Second, a single, national benchmark for affordability will be less expensive for compliance by carriers eligible under Section 214(e) to receive the universal service subsidy. Simply put, the more complex the approach adopted by the Commission for determining the benchmark for affordability, the more expensive it is likely to be for eligible carriers to participate in the federal subsidy program. Variations across many geographic units will require similar variations in business plans for each of those areas. Also, to the extent that such benchmarks change over time, business plans would again need to change to accommodate the new benchmarks. Business planning under a single, national benchmark regime, on the other hand, would be simpler and less expensive.

4. What are the effects on competition if a carrier is denied universal service support because it is technically infeasible for that carrier to provide one or more of the core services?

ANSWER:

Section 214(e) of the Communications Act defines the obligations carriers must meet to be eligible to receive federal universal service subsidies.[10] Subsection (1)(A) of Section 214(e) states that an eligible telecommunications carrier must offer the services supported by federal universal service support mechanisms "either using its own facilities or a combination of its own facilities and resale of another carrier's services (including services offered by another eligible telecommunications carrier)."11 If the Commission adopts the appropriately limited list of core services proposed in the

Notice[12] and supported by TCI,[13] it is unlikely that a facilities-based carrier could not provide those services using its own network or a combination of its own network and resale. Even a predominantly non-facilities based provider could offer the core services through resale.
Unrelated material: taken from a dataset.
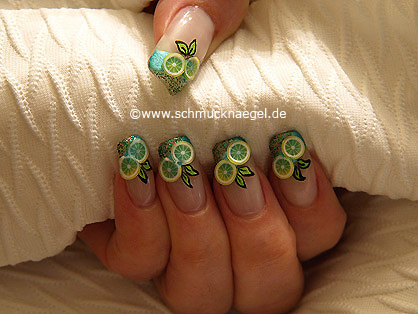 Nail art with fimo clay and nail lacquer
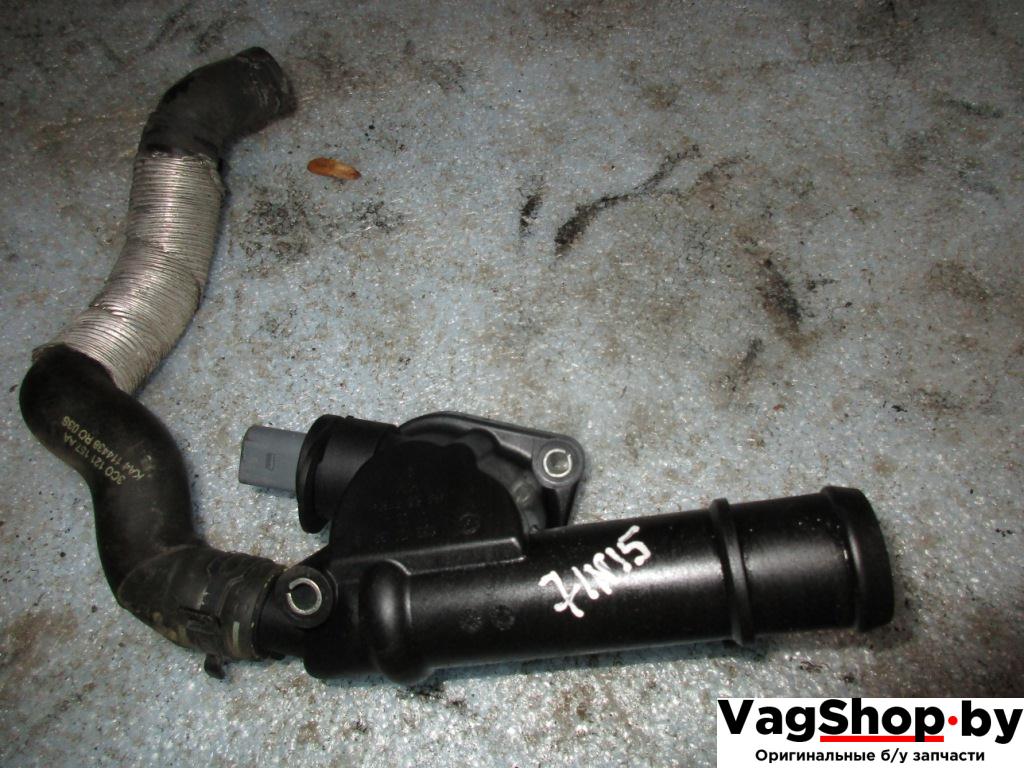 фланец (тройник) системы охлаждения Volkswagen Golf 5 поколение 2005, 2.0 л., TDi, BMM, дизель, АКПП, черный, хетчбэк 5 дв., передний привод, 03G121132B - фото №1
The Commission should not therefore be concerned about the possibility that a carrier would be denied reimbursement if it could not provide a subsidized service.

Schools, Libraries, Health Care Providers

6. Should the services or functionalities eligible for discounts be specifically limited and identified, or should the discount apply to all available services?

ANSWER:

The services eligible for universal service discounts should be specifically limited to the core services proposed in the Commission's Notice.14 The Commission should not add any services to this list. Most importantly, the Commission should determine that market forces, in conjunction with existing taxation and educational programs, can be relied upon instead of expensive subsidy programs to deliver advanced and information services to schools, libraries and health care providers. 15 In any case, prior to acting upon its discretionary authority to expand the size and scope of the subsidy program for schools, libraries and health care providers, the Commission must undertake careful study assessing the costs and benefits of doing so.[16]7. Does Section 254(h) contemplate that inside-wiring or other internal connections to classrooms may be eligible for universal service support of telecommunications services provided to schools and libraries? If so, what is the estimated cost of the inside-wiring and other internal connections?

ANSWER:

Section 254(h)(1)(B) states that telecommunications carriers shall provide any of their "services" to schools and libraries.[17] The FCC has already determined that inside-wiring is not a common carrier service, that is, it may be supplied by carriers and non-carriers outside the regulatory process.[18] Thus, inside wiring is not among the mandated list of subsidized carrier services.

There are good policy reasons for not subsidizing inside wiring. As with other aspects of subsidizing services for educational institutions, an internal connections subsidy could, if improperly designed, be extremely expensive and inefficient. This is especially true if the costs of retrofitting and asbestos removal (which are usually required for installing inside-wiring in older schools) are subsidized.[19] Again, increasing the size of the subsidy pool raises entry barriers by increasing interstate carriers' required contributions to universal service.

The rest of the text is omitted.